There are no ramps between the start of the Gardiner and Jarvis. Being from Corktown (right?), where do you get on the highway? And what do you use the Eastern section for?
Anecdotals aren't worth much, sure, but I'd sure like to hear some arguments from people who rely on that Eastern section.
Errands in the morning often take me into the core before I head back east and then north (I work at Eg/Warden), and on the way home I stay on the DVP to the Gardiner to get to the gym (Adelaide Club).
I also appreciate that it takes all the traffic that would otherwise be running 30 feet away from me on the Richmond and Adelaide overpasses - something you think residents ought to accept on behalf of non-existent residents of other neighbs.
The widening and re-working of the Lake Shore would be for aesthetic reasons, as well. When this plan was intro'ed, they talked about losing two minutes in traffic time along the eastern section. That's more than acceptable. Five minutes would be acceptable.
The widening and reworking is for capacity reasons, but they'll also (in theory, though we know how it works in practice) beautify the roadway as well. The Aesthetic statement here is taking the Gardiner down, not replacing it with a super-designed road. If you're curious about what we're going to end up with, check out the Eastern section of the Lake Shore at Carlaw.

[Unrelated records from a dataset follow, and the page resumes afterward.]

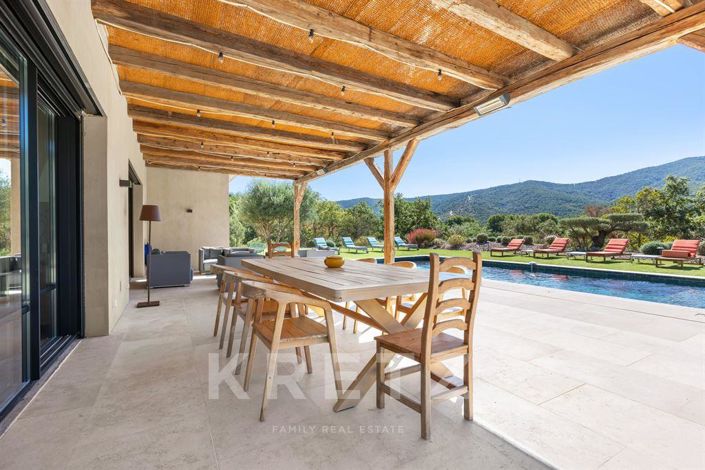 Image No.14-4 Bed House for sale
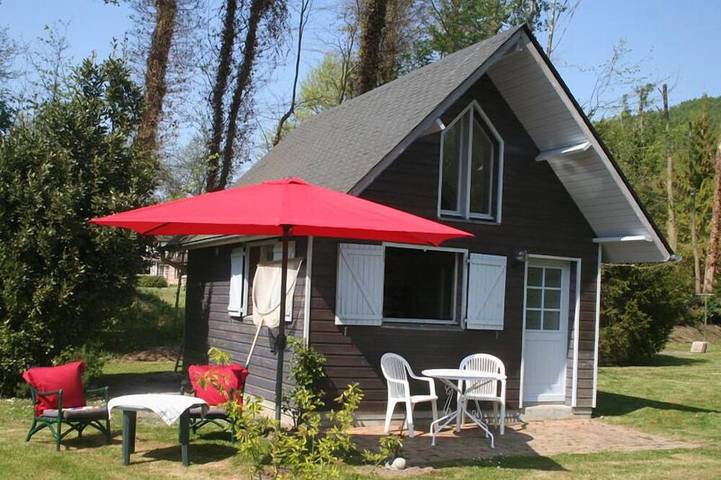 Location de vacances pour 2 personnes, avec terrasse et jardin à Ganzeville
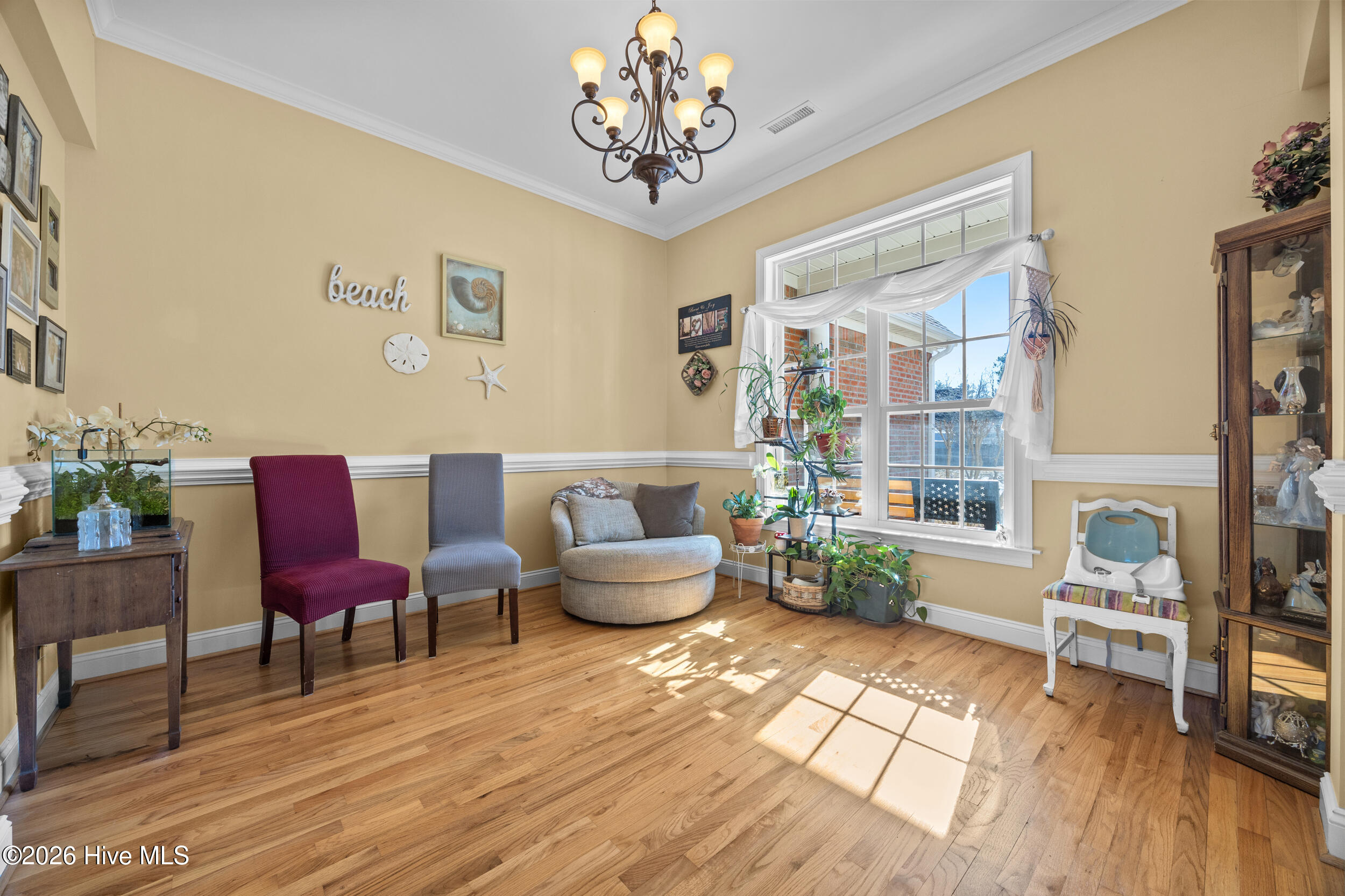 100550325 | Photo 13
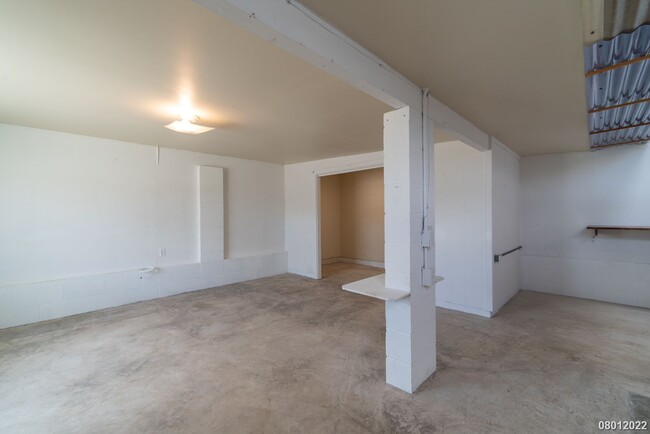 Building Photo - 1BR 2BA (One Bath is ADA ACCESSIBLE) W/2 A...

Beautiuous.
Even 5 Minutes is a pipe-dream. The light cycles as they exist now add more than 5 minutes to your travel time versus taking the Gardiner. Each intersection can be 3-4 minutes on its own. Add more traffic to that mix, but only an extra lane, and I don't see how you're going to keep the flow you have even now.
Are you exaggerating? Why would they need to build a "highway over people's homes" to rework the Richmond & Adelaide ramps? If the plan is contingent on that, then I'd find it hard to support.
The Richmond ramp is a single lane. More traffic flows past it than takes it. If you end the highway there, all traffic will now take it. Good luck with that single lane.
So, you'll need to widen Richmond, right? Richmond threads between people's homes, closer even than the Gardiner gets to things. How are you going to add capacity to that? How can you justify adding extra traffic volume like that to an existing neighbourhood when the sole purpose behind it is to favour neighbourhoods that don't even exist? It boggles the mind.
Most of the DVP traffic terminates at Bloor or Richmond already.
No it doesn't. If you drove on the DVP in these sections you would very clearly see that.